Balvano. La storia dimenticata del treno 8017. (3 Marzo 1944)

Ingresso della galleria delle Armi
Catapultiamoci nel 1944, un anno tragico per l’Italia. La guerra è al culmine. Con il pensiero non corriamo però a Cassino o in via Rasella , non raccontiamo dell’operazione Strangle o delle Fosse Ardeatine. Vogliamo ricordare invece un immane disastro ugualmente figlio di quella follia che fu la seconda Guerra Mondiale. Una tragedia che entra nella storia d’Italia in punta di piedi e presto ne esce, troppo in fretta dimenticata. E’ passata da poco la mezzanotte di Venerdì 3 Marzo ed i silenziosi monti della Lucania stanno per divenire il teatro della più grande sciagura ferroviaria della storia nostro Paese. Una sciagura che assume i tristi ed indefiniti contorni del mistero, un mistero con un assassino, il carbone, e con molte, troppe, coincidenze e punti tuttora poco conosciuti. Balvano è un piccolo paese, la sua stazione ferroviaria, compressa tra monti e gallerie, lo è ancora di più. La notte è fredda e piove. La primavera ancora è lontana in tutti i sensi.
Siamo alle 0.50 quando i due macchinisti del treno merci 8017, diretto a Potenza, allentano i freni e partono dalla stazione. Il capostazione di Balvano, Vincenzo Maglio, batte al telegrafo il segnale di "partito" al suo collega della stazione successiva, Bella-Muro, distante pochi chilometri. Un tragitto dovrebbe essere percorso in una ventina di minuti. Ma quel treno, a Bella-Muro non ci arriverà mai. Cosa accadde non ci è dato conoscerlo con precisione ancora oggi, figuriamoci al tempo dei fatti, in un Paese alla fame e sconvolto dalla Guerra. Ecco come il Corriere della Sera descrive l’accaduto, il 6 Marzo. "L'agenzia Reuter comunica da Napoli che 500 italiani sono periti venerdì mattina per asfissia in una galleria ferroviaria dell'Italia meridionale. Altre 49 persone sono degenti all'ospedale. Per mancanza di treni viaggiatori un gran numero di persone era salito su un merci diretto a oriente, stipando i carri aperti che lo componevano. Nell'attraversare una galleria, il treno che già procedeva assai lentamente, rallentava ancora la marcia, sicché il denso fumo che ingombrava la galleria stessa in seguito al passaggio di altri convogli provocava la soffocazione della maggior parte dei disgraziati viaggiatori".

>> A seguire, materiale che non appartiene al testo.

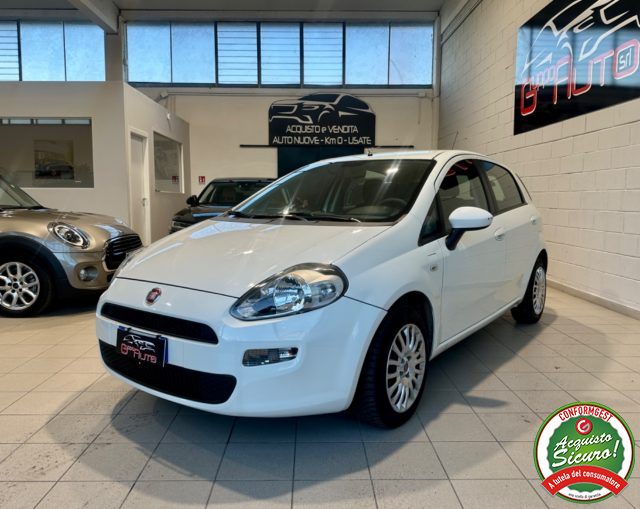 FIAT Punto usata, con ABS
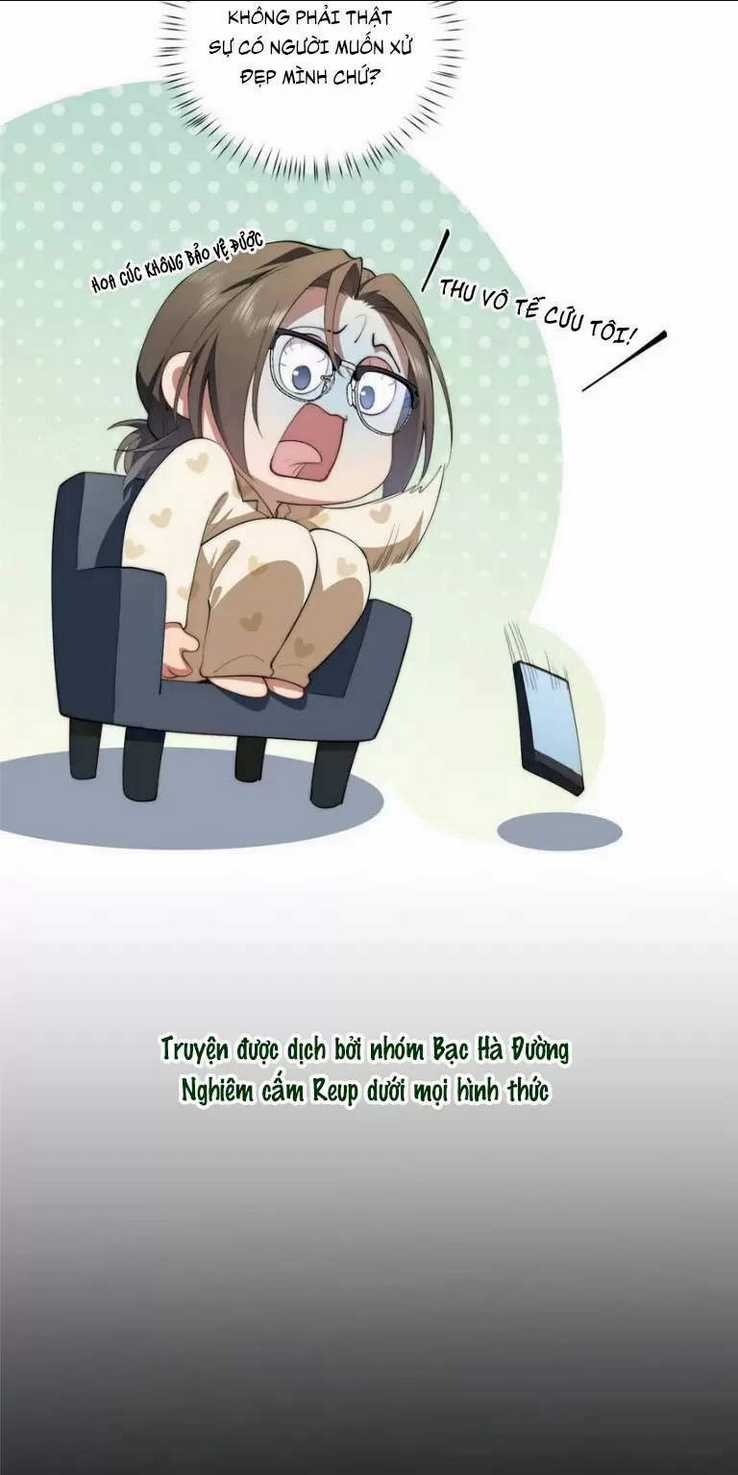 Nữ Chính Từ Trong Sách Chạy Ra Ngoài Rồi Phải Làm Sao Đây? Chapter 61 trang 32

Non molto altro fu raccontato nelle settimane seguenti. Perché? Per provare a comprenderlo dobbiamo compere alcuni passi indietro. In quei mesi L’Italia era tagliata in due. Al di sopra della linea Gotica si combatteva furiosamente ed i tedeschi producevano una residua tenace resistenza. Nel centro-sud, ormai liberato e sotto l’occhio vigile degli alleati, il nemico maggiore era la fame. In molti facevano la spola tra città e campagna per cercare generi alimentari e sfamare la propria famiglia. Inoltre la borsa nera proliferava senza controllo. Si compravano, spesso direttamente dalle truppe alleate, merci rare come sigarette e cioccolata e le si portava in campagna per scambiarle con olio, uova, carne che nelle città come Napoli erano carenti. Questi alimenti venivano poi rivenduti con forti guadagni. Per spostarsi tra città e campagna gli unici mezzi a disposizione erano i pochi treni merci, sotto controllo del comando alleato, che in teoria non avrebbero dovuto trasportare nessun passeggero.

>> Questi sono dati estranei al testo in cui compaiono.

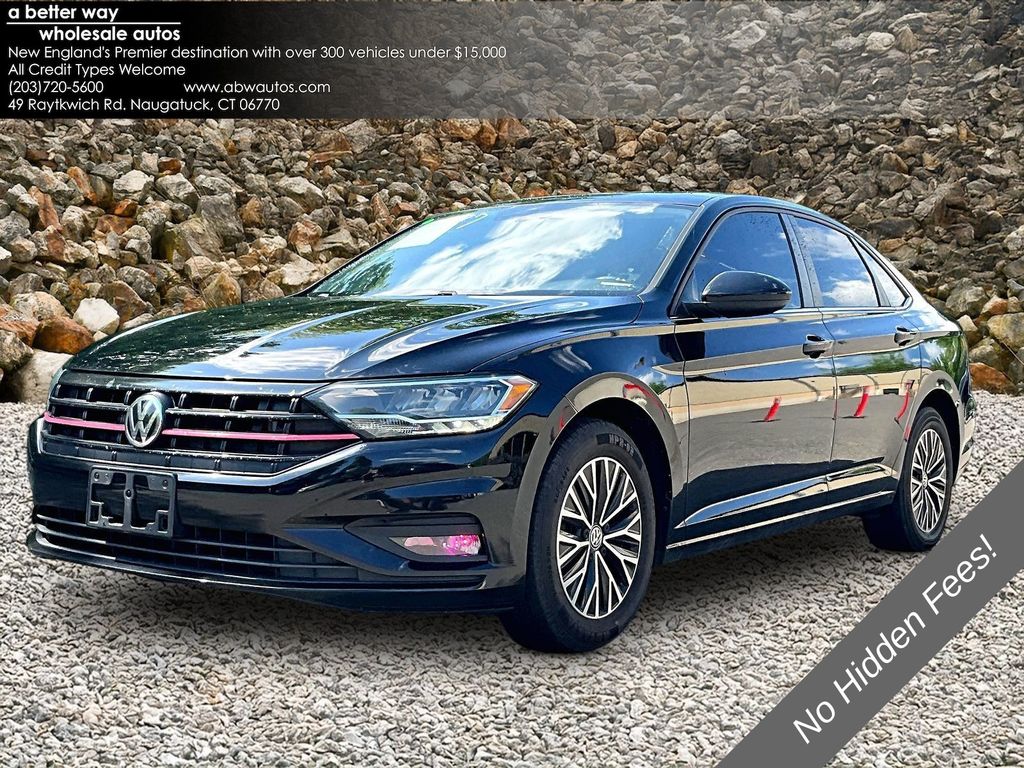 2019 Volkswagen Jetta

Il treno merci n. 8017, il nostro treno, era diretto a Potenza per caricare legname per la ricostruzione di ponti nella zona di combattimento. E’ composto da 47 carri, una ventina dei quali scoperti. Come sempre borsari neri, e semplici persone in cerca di cibo lo prendono immediatamente d'assalto. È proibito salire sui merci, ma si tende a chiudere un occhio. Il treno parte da Battipaglia alle 19.00, calamitando di stazione in stazione passeggeri a decine. A Romagnano porta con se almeno 600 viaggiatori clandestini. Qui viene agganciata in testa una seconda locomotiva, del tipo 476 adatta ai percorsi di montagna. Alle 23.40 il treno 8017 lascia Romagnano. Alle 0.12 giunge a Balvano, ma a causa di un guasto al treno che lo precede è costretto ad attendere per più di trenta minuti all’imbocco di una galleria.

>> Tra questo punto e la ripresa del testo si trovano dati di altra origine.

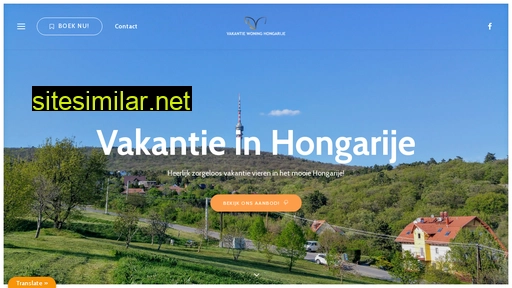 vakantiewoninghongarije.nl alternative sites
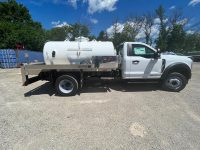 2023 Ford F550 980-Gallon Steel Tank Package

Il fumo stagna, non tira un alito di vento e, durante questi lunghissimi minuti di attesa i passeggeri respirano fumo e gas, sprigionati dal pessimo carbone usato per le caldaie delle locomotive. Carbone di bassa qualità fornito dal comando Alleato. Finalmente, alle 0.50, il convoglio parte dalla stazione di Balvano per insinuarsi tra le montagne. Piove, anzi nevica. Una galleria. Poi, un'altra, un'altra ancora. In salita. Le rotaie sono rese viscide dall’umidità e dal freddo. Molti passeggeri dormono ignari del pericolo. Ecco arrivare la “galleria delle Armi” lunga 1695 metri. Il teatro della tragedia. Il treno arranca, le due locomotive non riescono a mordere le rotaie. I macchinisti gettano carbone nelle caldaie, ancora e poi ancora. Il treno si arresta, arretra, sembra ripartire. Si ferma, questa volta definitivamente. Non riparte più. E la sorte della gran parte dei passeggeri da quel momento è segnata. I gas tossici spigionati dalle caldaie che intasano presto la tortuosa e buia galleria, vestono i panni di un assassino spietato e rapido. La maggior parte dei viaggiatori passa dal sonno alla morte. Perché il treno non riuscì a ripartire? Possiamo proporre congetture, parzialmente suffragate dalle testimonianze dei superstiti, per lo più chi viaggiava nei vagoni di coda rimasti allo scoperto. La locomotiva di testa viene trovata con la leva di comando sulla retromarcia, l’altra con la leva di comando spinta in avanti. Evidentemente quando il treno s'era fermato, i due macchinisti, colti dal panico o magari già intontiti dai gas, impossibilitati a comunicare fra di loro, non ebbero identica reazione. Probabilmente questo fu fatale. Una possibile concausa ci viene indicata da uno dei soccorritori che ricorda come, al momento del ritrovamento, molti veicoli risultavano frenati, impedendo al treno di retrocedere. Perché? Tra i superstiti, sull'undicesimo vagone dalla coda, viaggiava Giuseppe De Venuto, un operaio delle ferrovie che fungeva da frenatore. Riuscì a scendere dal treno e si diresse verso l'uscita della galleria. Con le forze residue, semisvenuto ed intontito dal fumo cercò ti tornare alla stazione di Balvano per dare notizia dell’accaduto. Proprio i soccorsi furono una delle tante circostanze incredibili di quella notte. La distanza fra le stazioni di Balvano e la successiva è di soli 8 chilometri.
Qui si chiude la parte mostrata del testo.